Probably unrelated but why is the Zig test failure message calling out "zig.system.darwin.macos.test.detect`"?
Oh, and I should learn to recognize "18446744073709551615". That is "0xffffffffffffffff". Which is -1, which is errno 1, which is ... EPERM.
I'm curious to know what's going on here, but one option is to just remove all the futex2 support and tests from Zig.
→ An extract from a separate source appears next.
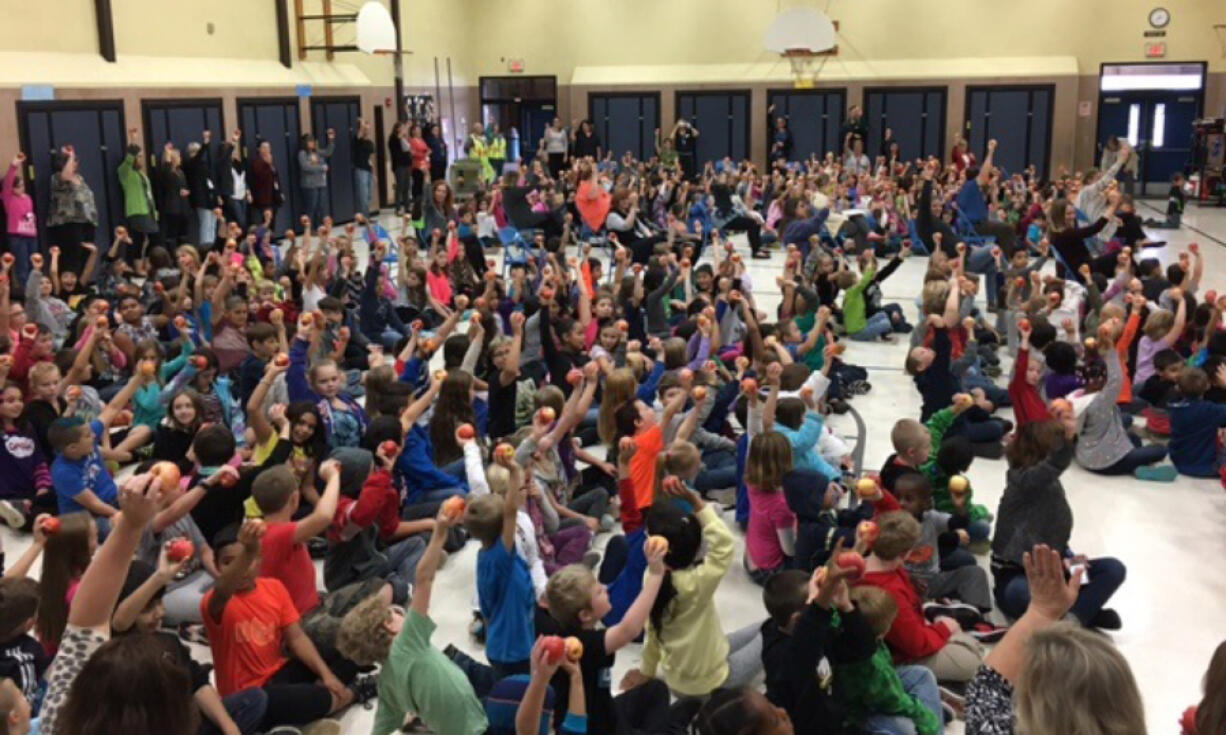 Five Corners: Students at Silver Star Elementary School participate in an &quot;apple crunch&quot; in honor of Taste Washington Day.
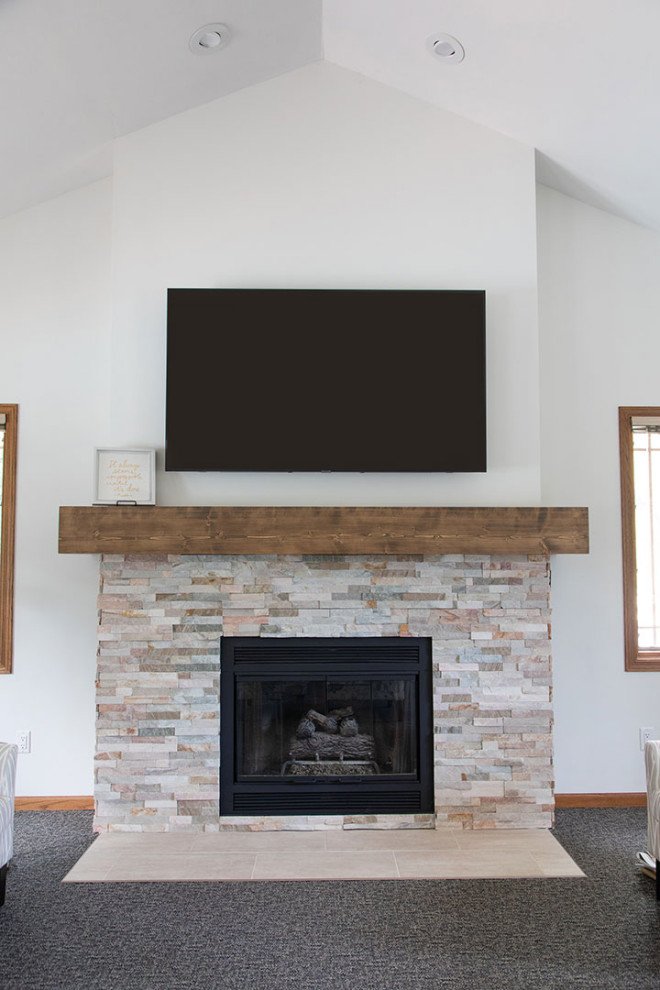 他の地域にある広いトランジショナルスタイルのおしゃれなLDK (カーペット敷き、標準型暖炉、積石の暖炉まわり、壁掛け型テレビ、グレーの床、塗装板張りの天井) の写真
As I noted in the PR anyone sophisticated enough to build software on the futex2 API, is more than capable of invoking a couple syscalls directly ...
I'm curious to know what's going on here, but one option is to just remove all the
futex2support and tests from Zig.
Worst case we can disable the tests, or make them skip under whatever conditions are going on here. Removing the support entirely seems excessive.
But in any case, we need to understand why this is happening; this is the first I've ever heard of it. My suspicion would be an overzealous seccomp filter or something along those lines.